TAPPER: Yes, they weren't planning on a once in a century deadlock.

DANA BASH, CNN CHIEF POLITICAL CORRESPONDENT: It's true. The question becomes what kind of gamble, what kind of risk does Kevin McCarthy want to take when you look at the math and how to get to a majority of the votes.


BASH: Do you do what? Jake, you have been going through the microfiche, or whatever it is.

TAPPER: A bit more advance --

RIGGLEMAN: I was there.

BASH: I've been lough out (ph) about what happened the last time 100 years ago, it's because -- was it 100 years ago?

TAPPER: Yes, 1923. Yes.

BASH: That they changed the rules to allow for a plurality and that was the only way they --

TAPPER: No, that was back in the 1800. A 100 years --

BASH: That was --

UNIDENTIFIED FEMALE: That was before micro.

BASH: It was a micro.

TAPPER: So a 100 years ago they changed the rules.

UNIDENTIFIED FEMALE: It was in the card catalog.

RIGGLEMAN: They changed the rules, the table.

TAPPER: But back in the 1800, they either went to the plurality vote.

BASH: Yes.

TAPPER: Or there was an incident in 1859 where they got a consensus candidate. So all the stuff that --

BASH: So, yes. And by the way --

TAPPER: -- everybody is talking about has actually happen.

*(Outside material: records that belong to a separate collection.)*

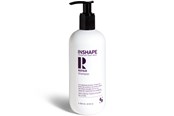 Hårpleje - INSHAPE - REPAIR Shampoo - 300 ml - 7350078000130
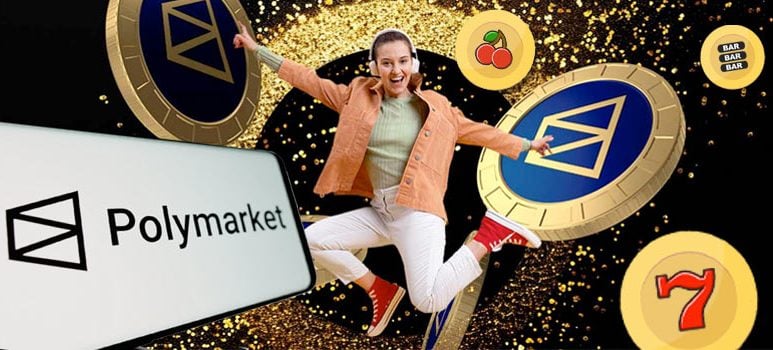 polymarket gokken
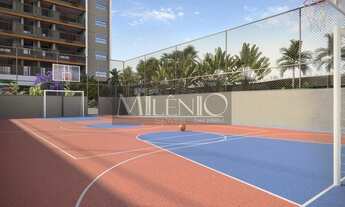 Imagem 11: SãO PAULO - Apartamento Padrão - Santo Amaro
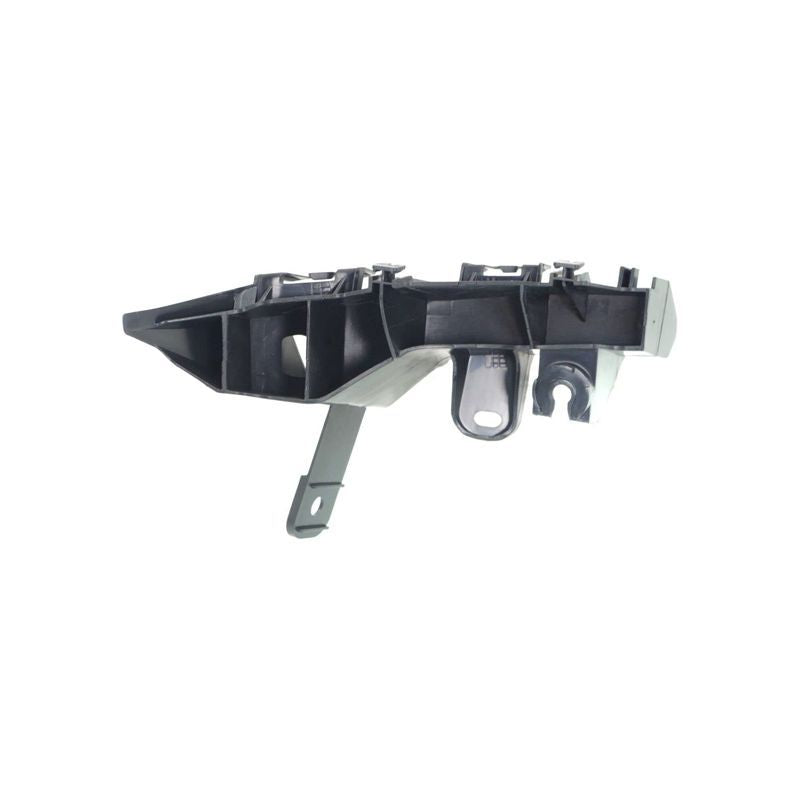 Lexus IS-250 Rear Bumper Side Support Bracket Inner 2014-2020 Right Side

BASH: The consensus candidate happened in 1990, whatever, eight, nine after '97.

TAPPER: But then have (ph) to referencing. But then have (ph) to referencing.

BASH: But the thing about a plurality, it is definitely being discussed. I had a Republican lawmaker call me saying that this is part -- it's sort of in the zeitgeist up there, but it is very risky because --

UNIDENTIFIED FEMALE: It's a nuclear option.

BASH: It's a nuclear option --


BASH: -- because Hakeem Jeffries right now --

TAPPER: He could win.

BASH: -- has the most votes and could get there.

TAPPER: Yes. The question is do you trust the bomb throwers --

BASH: Yes.

TAPPER: -- to make the right decision? Quote unquote, "right decision" when it's a binary choice?

The vote for House Speaker is now in its 10th round. Next, we're going to get reaction for a key member of the Republican conference. What does he expect to happen tonight? Stay with us.




BURNETT: The drama on the House floor now. Its third day members deadlocked over the Speaker's election. The House Republican leader Kevin McCarthy now appearing to lose for the 10th time this week.

I want to bring in Republican Congressman Pete Sessions of Texas. He supports Kevin McCarthy for speaker. Congressman, I appreciate your time. I know last night you had thought this wouldn't go out more than another three or four rounds, and, well, we're about to go into the fifth after you said that. So, you know, where do you think we are right now? And are you surprised?

REP. PETE SESSIONS (R-TX): Well, I am a little bit. I'll go over two and tell you that the newest word is that there is some breakthrough not towards victory, but towards ending the numbers, reducing them. And evidently that's going to take place tonight.

BURNETT: So, let's talk about what you're saying. You understand there is a breakthrough deal towards reducing the numbers, so not to fully getting over the finish line, but to peeling off a few votes.

SESSIONS: It's my understanding that several votes will come by agreement with the deal that evidently has been arranged this afternoon, started last night, just took a while to materialize. Teams of people have gotten back together and there is some progress in headway and that's essentially what it's going to take. Groups of people that will then come to some agreement. So it's my understanding that we're headed that direction right now.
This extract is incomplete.